Hubiera
podido ser una tarde como otra, una en las que los deberes cotidianos se alían
para que tu propósito de hacer algo diferente se difumine y desaparezca en
aquel lugar indeterminado, que todos poseemos, que se encuentra entre el “ya lo
haré otro día” y el “hay más días que calabazas”(traducido directamente de la
cultura mallorquina). Afortunadamente la llamada de un buen amigo y mejor
profesor de literatura, me llevó hasta un patio soleado, donde pude sentarme en
una pared de ladrillos a escuchar los sonidos de la primavera que me anunciaba
un desenlace diferente al habitual, mezclados con los murmullos de los alumnos adolescentes, impacientes por salir al calor
de un verano inminente. Pero nada hubiera podido presagiar lo que vendría
después...
La llamada
se había producido aproximadamente hacía un mes y me anunciaba que mi última
novela, “Cuando el día cambia de color”, había sido incluida en un programa de
lectura para los chicos de 1º de Bachillerato del colegio Pius XII y se me
honoraba con la posibilidad de intervenir en la charla y análisis posteriores a
la lectura. Naturalmente accedí, agradeciendo a aquel paladín de la cultura, (que
tendré que añadir a la lista de los dos
o tres que conozco), la posibilidad de participar en una actividad tan
rara en los días que corren. Y es que el profesor en cuestión, que podría
presumir del hecho de haberse ganado la admiración de todos los alumnos que
pasaron por sus clases y a los que enseñó a apreciar y a no vapulear “Las
Letras”, tiene nombre de personaje de antaño. En el país que me vio nacer es el
protagonista de un comic muy famoso, instructivo y culturalmente encomiable,
que vio la luz en 1917 en el Corriere
della Sera. Entre versos y rimas (dísticos y octonarios), la viñetas nos narraban las aventuras de un personaje
entrañable, teniendo como principal función, la pedagógica, elemento que
envuelve y propulsa toda la vida del profesor al que estoy haciendo referencia.

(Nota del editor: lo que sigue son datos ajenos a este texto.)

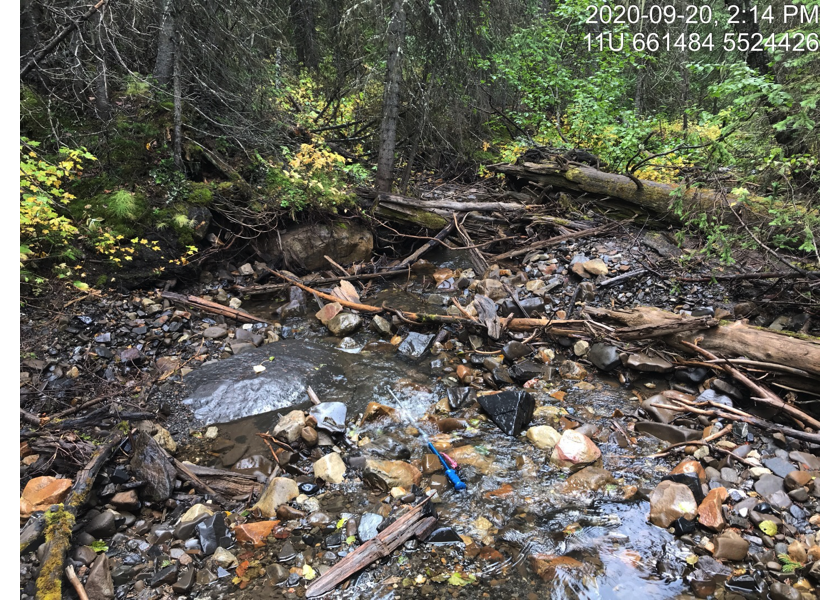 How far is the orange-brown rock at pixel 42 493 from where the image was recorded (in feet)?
11.2

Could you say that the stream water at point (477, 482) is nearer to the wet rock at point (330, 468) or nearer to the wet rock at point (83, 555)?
the wet rock at point (330, 468)

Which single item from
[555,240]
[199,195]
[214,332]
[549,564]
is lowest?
[549,564]

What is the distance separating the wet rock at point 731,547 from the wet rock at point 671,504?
292 mm

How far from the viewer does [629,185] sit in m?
9.37

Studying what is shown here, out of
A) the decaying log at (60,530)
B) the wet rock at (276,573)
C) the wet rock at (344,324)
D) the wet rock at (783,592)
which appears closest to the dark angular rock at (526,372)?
the wet rock at (344,324)

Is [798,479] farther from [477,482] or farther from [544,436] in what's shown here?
[477,482]

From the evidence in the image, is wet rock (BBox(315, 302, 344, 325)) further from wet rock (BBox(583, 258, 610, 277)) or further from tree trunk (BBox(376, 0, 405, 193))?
wet rock (BBox(583, 258, 610, 277))

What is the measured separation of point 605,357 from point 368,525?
13.0 ft

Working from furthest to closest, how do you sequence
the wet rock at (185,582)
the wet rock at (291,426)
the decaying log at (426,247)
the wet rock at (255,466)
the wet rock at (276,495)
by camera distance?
the decaying log at (426,247) → the wet rock at (291,426) → the wet rock at (255,466) → the wet rock at (276,495) → the wet rock at (185,582)

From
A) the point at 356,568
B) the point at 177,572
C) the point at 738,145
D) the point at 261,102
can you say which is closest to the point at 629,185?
the point at 738,145

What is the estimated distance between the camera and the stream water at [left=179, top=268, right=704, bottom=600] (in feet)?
10.4

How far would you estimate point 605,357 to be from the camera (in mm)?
5855

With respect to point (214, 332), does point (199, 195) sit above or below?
above

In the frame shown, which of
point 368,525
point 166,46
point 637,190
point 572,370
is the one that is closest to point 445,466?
point 368,525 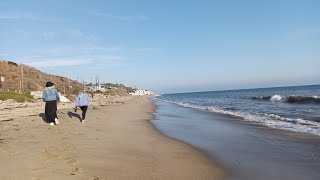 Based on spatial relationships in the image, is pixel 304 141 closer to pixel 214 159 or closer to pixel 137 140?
pixel 214 159

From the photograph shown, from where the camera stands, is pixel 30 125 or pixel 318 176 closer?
pixel 318 176

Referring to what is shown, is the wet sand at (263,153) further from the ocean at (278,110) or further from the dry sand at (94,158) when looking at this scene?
the ocean at (278,110)

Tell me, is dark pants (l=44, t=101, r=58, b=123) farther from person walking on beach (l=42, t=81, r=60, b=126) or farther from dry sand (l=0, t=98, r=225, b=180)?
dry sand (l=0, t=98, r=225, b=180)

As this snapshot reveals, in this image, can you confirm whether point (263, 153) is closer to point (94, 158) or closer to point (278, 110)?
point (94, 158)

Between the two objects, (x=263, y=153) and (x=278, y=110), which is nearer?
(x=263, y=153)

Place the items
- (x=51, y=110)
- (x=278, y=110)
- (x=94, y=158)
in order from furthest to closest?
(x=278, y=110)
(x=51, y=110)
(x=94, y=158)

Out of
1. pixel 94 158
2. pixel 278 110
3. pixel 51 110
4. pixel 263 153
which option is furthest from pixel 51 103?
pixel 278 110

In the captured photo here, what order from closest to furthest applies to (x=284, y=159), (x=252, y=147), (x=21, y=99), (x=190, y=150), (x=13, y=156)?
1. (x=13, y=156)
2. (x=284, y=159)
3. (x=190, y=150)
4. (x=252, y=147)
5. (x=21, y=99)

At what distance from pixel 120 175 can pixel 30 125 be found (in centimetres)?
853

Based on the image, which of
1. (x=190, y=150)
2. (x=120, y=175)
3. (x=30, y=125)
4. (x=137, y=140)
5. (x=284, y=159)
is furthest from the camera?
(x=30, y=125)

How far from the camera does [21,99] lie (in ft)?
125

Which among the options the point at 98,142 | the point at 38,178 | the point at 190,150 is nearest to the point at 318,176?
the point at 190,150

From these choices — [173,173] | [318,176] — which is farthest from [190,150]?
[318,176]

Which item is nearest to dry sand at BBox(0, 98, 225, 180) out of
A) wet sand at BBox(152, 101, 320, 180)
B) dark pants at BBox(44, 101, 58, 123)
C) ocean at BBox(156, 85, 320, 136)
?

Pero como siempre estoy divagando, perdiéndome en los meandros de las líneas escritas
negro sobre blanco…
Tengo que
admitir que, a estas alturas del curso, me esperaba una asistencia mínima, con
un porcentaje muy bajo de lectores reales de mis escritos, por esto la sorpresa
fue aún mayor cuando los chicos fueron llegando, puntuales a su cita con el
mundo literario.
Sentados en círculo,
(me gustaría más utilizar “sentados en
corro”, dada la atmosfera intimista y cultural que se respiraba en la estancia),
el profesor empezó desgranando algunos de los temas claves de la novela, con la
sabiduría que sólo posee el que ha leído un millón de libros y al que apasiona
su trabajo. Y surgió la magia: los asistentes, que realmente, habían leído mi
novela, la abrieron ante mí, como si de un abanico se tratara, comentando
pasajes, citando líneas enteras, encontrando la emoción dentro de la emoción,
explicando sus sensaciones al leer mis palabras. Todo esto con un
apasionamiento, una preparación y un entusiasmo que creía perdidos.
De esta manera
fue como conocí al músico de conservatorio que reinterpreta las piezas clásicas
según su estado de ánimo, teniendo en cuenta la época en que fueron escritas, empapándose
de historia de la música para entender el porqué de aquellos garabatos sobre un
pentagrama, el milagro de cómo, una vez trasportados sobre las teclas de un
piano o las cuerdas de un violín, adquieren un significado que nos derrite el
alma.
O la chica
tímida que escribe poemas y no se atreve a declamar sus palabras. Su
sensibilidad es evidente en sus gestos, en su forma de expresarse, de moverse.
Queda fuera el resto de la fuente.